Внешность и характер якута

 «В Николае ни грамма жира. Он сух, как лиственница, подвижен и гибок, как горностай. В его одежде каждый из нас – без преувеличения сказать – обморозился бы на пятидесятиградусном морозе в первый же день. Но Николай – чудо выносливости и нечувствительности к холоду. Управляя передней нартой, он не может сойти с нее, чтобы разогреться на бегу. Только на остановках, которые даются оленям для отдыха через каждые полчаса, проводник может, свернув оленей со следа, побегать взад и вперед, чтобы размять окоченевшие руки и  ноги. Каждый из нас в прекрасной одежде зяб. Но от Николая не приходилось слышать жалоб. Правда, для начала разговора он не раз говорил «улахан тымны» (большой мороз), но слова эти не носили оттенка жалобы. Однако, когда я уступил Николаю свою слишком длинную, стеснявшую меня оленью доху, он надел ее с сияющим лицом, и с этого момента началась наша дружба».

 

Пища якутов

 «Сразу в камельке буйно разгорался огонь, закипали чайники. На стол без просьбы приносились лучшие кусочки пищи, хранившиеся для праздников: юкола, ломтики жирного мяса, хаяк и обязательно ставились таять у камелька кружочки мороженого молока…

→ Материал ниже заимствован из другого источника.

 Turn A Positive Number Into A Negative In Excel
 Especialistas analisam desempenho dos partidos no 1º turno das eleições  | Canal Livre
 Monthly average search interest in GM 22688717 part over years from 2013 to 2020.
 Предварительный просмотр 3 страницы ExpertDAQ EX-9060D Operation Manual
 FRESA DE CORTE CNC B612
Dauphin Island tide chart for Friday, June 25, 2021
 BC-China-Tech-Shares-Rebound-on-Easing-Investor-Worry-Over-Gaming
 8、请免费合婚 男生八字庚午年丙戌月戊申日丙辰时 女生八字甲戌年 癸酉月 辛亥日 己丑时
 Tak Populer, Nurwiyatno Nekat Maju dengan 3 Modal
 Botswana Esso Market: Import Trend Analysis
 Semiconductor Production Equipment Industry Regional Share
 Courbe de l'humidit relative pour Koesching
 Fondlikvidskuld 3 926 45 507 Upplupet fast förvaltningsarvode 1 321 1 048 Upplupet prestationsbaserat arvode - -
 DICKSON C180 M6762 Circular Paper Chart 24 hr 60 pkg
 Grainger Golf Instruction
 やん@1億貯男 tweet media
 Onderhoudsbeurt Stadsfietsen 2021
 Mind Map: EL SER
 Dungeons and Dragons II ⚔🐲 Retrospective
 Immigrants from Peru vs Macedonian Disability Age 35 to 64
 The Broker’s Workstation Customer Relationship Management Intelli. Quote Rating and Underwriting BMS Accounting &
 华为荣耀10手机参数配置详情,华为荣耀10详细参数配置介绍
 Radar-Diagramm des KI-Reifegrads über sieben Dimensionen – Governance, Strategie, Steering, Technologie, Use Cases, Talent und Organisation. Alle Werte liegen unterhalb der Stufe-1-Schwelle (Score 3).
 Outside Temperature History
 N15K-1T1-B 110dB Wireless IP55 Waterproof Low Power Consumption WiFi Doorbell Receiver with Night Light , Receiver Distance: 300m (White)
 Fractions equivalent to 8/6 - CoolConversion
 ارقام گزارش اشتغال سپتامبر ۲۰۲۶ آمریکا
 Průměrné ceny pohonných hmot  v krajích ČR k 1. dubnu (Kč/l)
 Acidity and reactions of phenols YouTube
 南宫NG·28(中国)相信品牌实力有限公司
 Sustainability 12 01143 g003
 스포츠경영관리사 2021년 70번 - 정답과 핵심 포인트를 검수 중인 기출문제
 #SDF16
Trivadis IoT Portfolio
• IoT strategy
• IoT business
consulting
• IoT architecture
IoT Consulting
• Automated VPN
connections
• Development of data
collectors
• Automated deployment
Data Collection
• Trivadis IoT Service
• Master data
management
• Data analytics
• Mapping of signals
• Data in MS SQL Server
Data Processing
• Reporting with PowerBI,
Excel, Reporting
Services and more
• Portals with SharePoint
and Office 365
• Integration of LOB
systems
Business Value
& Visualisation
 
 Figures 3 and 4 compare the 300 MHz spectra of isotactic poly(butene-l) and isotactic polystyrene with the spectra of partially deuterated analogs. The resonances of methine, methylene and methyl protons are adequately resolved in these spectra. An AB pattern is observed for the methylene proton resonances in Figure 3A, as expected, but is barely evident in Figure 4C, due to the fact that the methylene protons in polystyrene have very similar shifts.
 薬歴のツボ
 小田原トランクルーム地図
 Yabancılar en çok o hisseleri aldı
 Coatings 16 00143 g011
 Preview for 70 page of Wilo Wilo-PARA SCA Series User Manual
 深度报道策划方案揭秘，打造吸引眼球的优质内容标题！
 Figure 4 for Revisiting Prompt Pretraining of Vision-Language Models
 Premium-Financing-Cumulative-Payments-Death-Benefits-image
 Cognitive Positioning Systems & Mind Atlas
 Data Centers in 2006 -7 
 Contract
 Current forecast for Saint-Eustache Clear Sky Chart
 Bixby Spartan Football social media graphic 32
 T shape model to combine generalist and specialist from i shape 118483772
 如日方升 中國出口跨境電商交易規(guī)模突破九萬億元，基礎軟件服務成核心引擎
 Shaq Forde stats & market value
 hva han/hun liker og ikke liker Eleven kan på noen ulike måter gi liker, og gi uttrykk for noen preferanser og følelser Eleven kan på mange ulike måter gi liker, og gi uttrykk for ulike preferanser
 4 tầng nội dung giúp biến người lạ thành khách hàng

По обычаю, путника с дороги обычно угощают чаем… Чаепитие проходит за разговорами. Чай густ и смолист, как деготь. Когда есть чай, якуты пьют очень густой. А когда нет, предпочитают пить горячую воду, но не жидкий или спитой. Сахара не употребляют. В разъездной фактории сахар самый неходкий товар, хотя цена его сравнительно дешева. Тем временем варится у камелька конское мясо или рыба. Вот опорожнены два-три чайника; пьют гости, пьют хозяева и все соседи. Наконец, хозяйка убирает чайную посуду, ставит на стол куски конины на круглой доске или рыбу. Гости, хозяин, соседи и старшие сыновья рассаживаются вокруг стола. Каждый вынимает из ножен собственный нож».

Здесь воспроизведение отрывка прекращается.